• **Exercise directions**
In the data that follows, how many lines include the string "online"? Answer with the number alone.

#### Data under study ####

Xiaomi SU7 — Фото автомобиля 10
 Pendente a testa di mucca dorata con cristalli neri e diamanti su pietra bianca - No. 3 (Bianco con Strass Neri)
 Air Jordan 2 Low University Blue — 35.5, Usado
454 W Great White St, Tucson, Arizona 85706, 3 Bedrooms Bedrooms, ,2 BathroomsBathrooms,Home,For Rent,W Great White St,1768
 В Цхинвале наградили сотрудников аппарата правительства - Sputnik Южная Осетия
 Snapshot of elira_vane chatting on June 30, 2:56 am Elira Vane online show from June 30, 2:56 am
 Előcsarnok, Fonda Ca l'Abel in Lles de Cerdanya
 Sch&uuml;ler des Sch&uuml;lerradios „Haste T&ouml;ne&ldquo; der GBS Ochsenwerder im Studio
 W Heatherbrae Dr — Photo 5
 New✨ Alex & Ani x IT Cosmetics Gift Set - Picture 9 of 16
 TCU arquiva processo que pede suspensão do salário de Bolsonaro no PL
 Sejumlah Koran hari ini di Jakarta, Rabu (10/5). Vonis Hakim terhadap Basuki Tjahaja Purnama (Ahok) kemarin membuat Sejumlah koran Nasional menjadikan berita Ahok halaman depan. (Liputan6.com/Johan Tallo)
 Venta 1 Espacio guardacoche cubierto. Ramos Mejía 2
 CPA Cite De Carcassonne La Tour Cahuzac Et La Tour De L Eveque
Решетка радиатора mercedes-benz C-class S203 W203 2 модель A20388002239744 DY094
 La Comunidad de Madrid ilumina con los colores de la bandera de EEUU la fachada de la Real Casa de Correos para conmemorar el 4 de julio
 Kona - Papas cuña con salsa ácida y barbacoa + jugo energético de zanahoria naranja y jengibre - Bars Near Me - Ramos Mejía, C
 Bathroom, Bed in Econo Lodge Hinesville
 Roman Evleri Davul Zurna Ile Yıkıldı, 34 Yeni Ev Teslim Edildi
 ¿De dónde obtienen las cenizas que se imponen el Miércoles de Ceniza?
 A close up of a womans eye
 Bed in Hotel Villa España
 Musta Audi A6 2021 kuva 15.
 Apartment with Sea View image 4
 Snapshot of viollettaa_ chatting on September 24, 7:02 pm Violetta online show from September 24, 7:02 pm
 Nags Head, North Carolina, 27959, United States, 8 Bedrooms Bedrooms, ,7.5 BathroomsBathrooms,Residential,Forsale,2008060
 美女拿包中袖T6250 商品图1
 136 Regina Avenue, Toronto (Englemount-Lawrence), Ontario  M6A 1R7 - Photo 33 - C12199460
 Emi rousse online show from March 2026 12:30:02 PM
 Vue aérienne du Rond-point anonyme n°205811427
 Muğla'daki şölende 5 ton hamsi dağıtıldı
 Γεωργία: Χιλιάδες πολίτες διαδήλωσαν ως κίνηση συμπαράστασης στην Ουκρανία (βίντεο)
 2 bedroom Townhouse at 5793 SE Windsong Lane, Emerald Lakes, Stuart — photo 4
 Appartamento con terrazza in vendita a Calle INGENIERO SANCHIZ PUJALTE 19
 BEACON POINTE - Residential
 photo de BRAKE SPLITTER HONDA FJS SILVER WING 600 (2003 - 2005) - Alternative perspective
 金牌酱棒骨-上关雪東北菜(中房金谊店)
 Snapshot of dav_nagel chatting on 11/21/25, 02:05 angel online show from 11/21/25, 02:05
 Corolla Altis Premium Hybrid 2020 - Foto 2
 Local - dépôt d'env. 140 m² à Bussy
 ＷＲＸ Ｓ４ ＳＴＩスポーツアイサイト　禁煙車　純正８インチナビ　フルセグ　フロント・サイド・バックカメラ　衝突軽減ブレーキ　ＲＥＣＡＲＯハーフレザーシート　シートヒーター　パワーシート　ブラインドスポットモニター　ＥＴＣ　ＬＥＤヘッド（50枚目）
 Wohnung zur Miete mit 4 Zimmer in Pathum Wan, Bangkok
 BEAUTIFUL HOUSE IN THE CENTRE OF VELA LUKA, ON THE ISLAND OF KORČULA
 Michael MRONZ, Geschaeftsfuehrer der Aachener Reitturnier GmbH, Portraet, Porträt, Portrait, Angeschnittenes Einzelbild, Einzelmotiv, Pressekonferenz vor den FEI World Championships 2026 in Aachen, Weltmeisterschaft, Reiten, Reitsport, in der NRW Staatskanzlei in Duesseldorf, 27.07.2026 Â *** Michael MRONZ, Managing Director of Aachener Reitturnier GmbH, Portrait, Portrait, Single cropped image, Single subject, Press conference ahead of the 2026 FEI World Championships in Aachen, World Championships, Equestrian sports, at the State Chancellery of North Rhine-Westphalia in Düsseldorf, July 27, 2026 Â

####

• **The completed task**
4